Poseł nakarmi świnie
Wielkopolski poseł Samoobrony Alfred Budner nie
będzie głodził swoich świń z powodu nieopłacalnych cen żywca.
Przyznał, że wcześniej celowo poinformował o takim zamiarze
dziennikarzy i Towarzystwo Opieki nad Zwierzętami, aby zwrócić
uwagę na problemy polityki państwa w dziedzinie rolnictwa.
Poseł Budner na początku tygodnia rozesłał do mediów pismo, zaadresowane do TOZ w Warszawie, w którym informował, że od najbliższego poniedziałku ok. 2 tys. świń będących jego własnością pozostanie bez wody i paszy. "To nie są żarty, sprawa jest jak najbardziej poważna. Zmusza mnie do takiego posunięcia brak środków finansowych" - powiedział wtedy Budner.
Tłumaczył dziennikarzom, że hodowla trzody chlewnej w Polsce stała się całkowicie nieopłacalna, a ceny skupu żywca nie pokrywają nawet kosztów produkcji. Taka sytuacja - mówił - wpędziła go w zadłużenie i nie stać go na kupno pasz.
Po nagłośnieniu sprawy przez media, a także po tym, jak inspektorzy TOZ ostrzegli posła przed konsekwencjami pozostawienia zwierząt bez pożywienia - Budner oznajmił, że była to z jego strony zamierzona prowokacja.
"Działacze Samoobrony, którzy są jednocześnie hodowcami zwierząt, traktują je z należytym szacunkiem i w żaden sposób nie doprowadzają do jakichkolwiek sytuacji, które mogłyby świadczyć o ich złym traktowaniu" - zapewnił lider partii Andrzej Lepper w liście skierowanym do prezesa konińskiego oddziału TOZ.

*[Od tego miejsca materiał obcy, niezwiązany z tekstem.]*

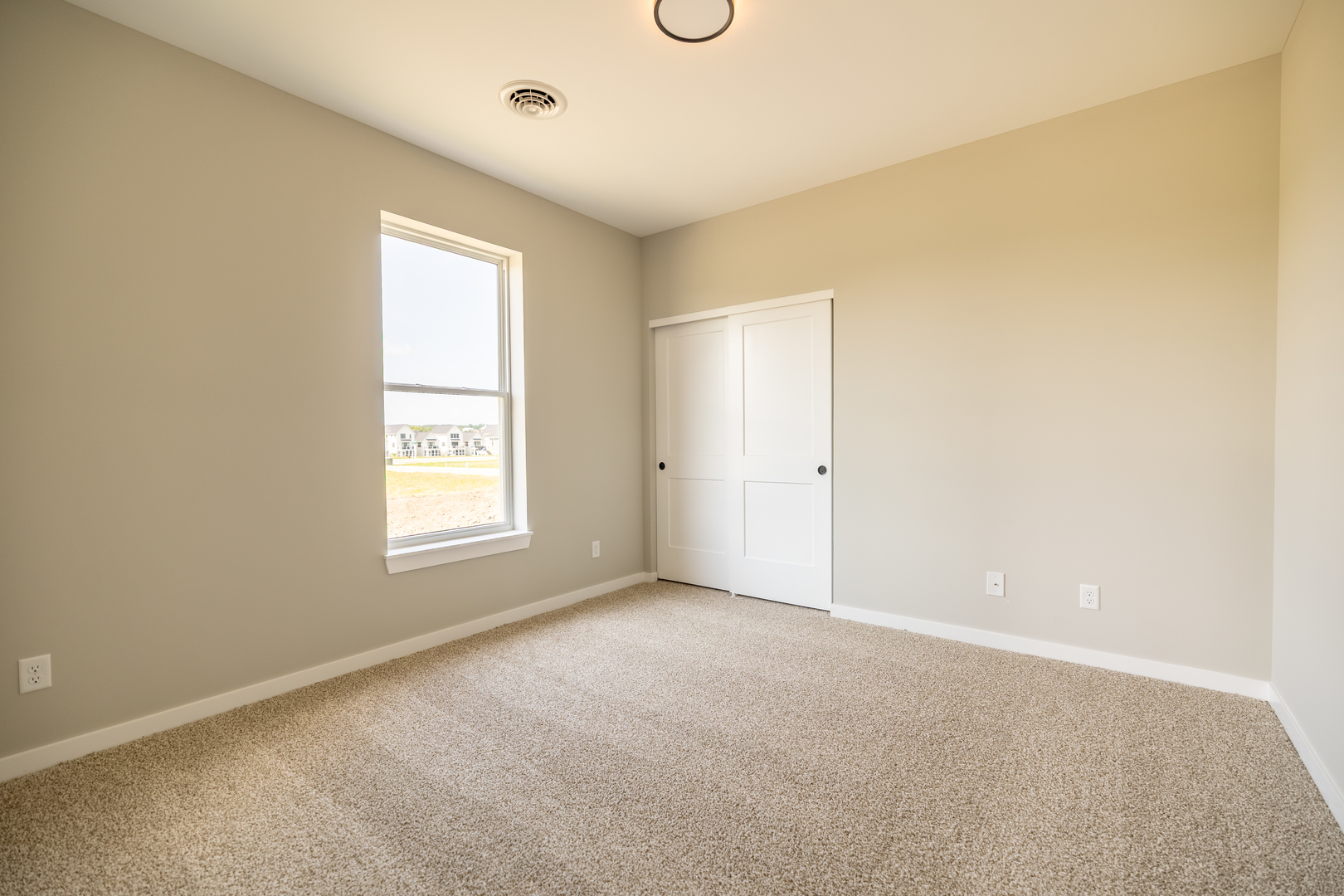 12 Redbud Row Ottawa, IL 61350 - Photo 29 of 39 an empty room with windows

Lider Samoobrony dodał, że działania posła Budnera miały na celu "uświadomienie decydentom, że jeśli hodowla w naszym kraju będzie nadal tak nieopłacalna i rolnicy będą odcinani od środków finansowych, to mogą nie mieć możliwości nie tylko utrzymania własnych rodzin z działalności hodowlanej, ale nie będą nawet mieli możliwości zakupu paszy i wykarmienia zwierząt".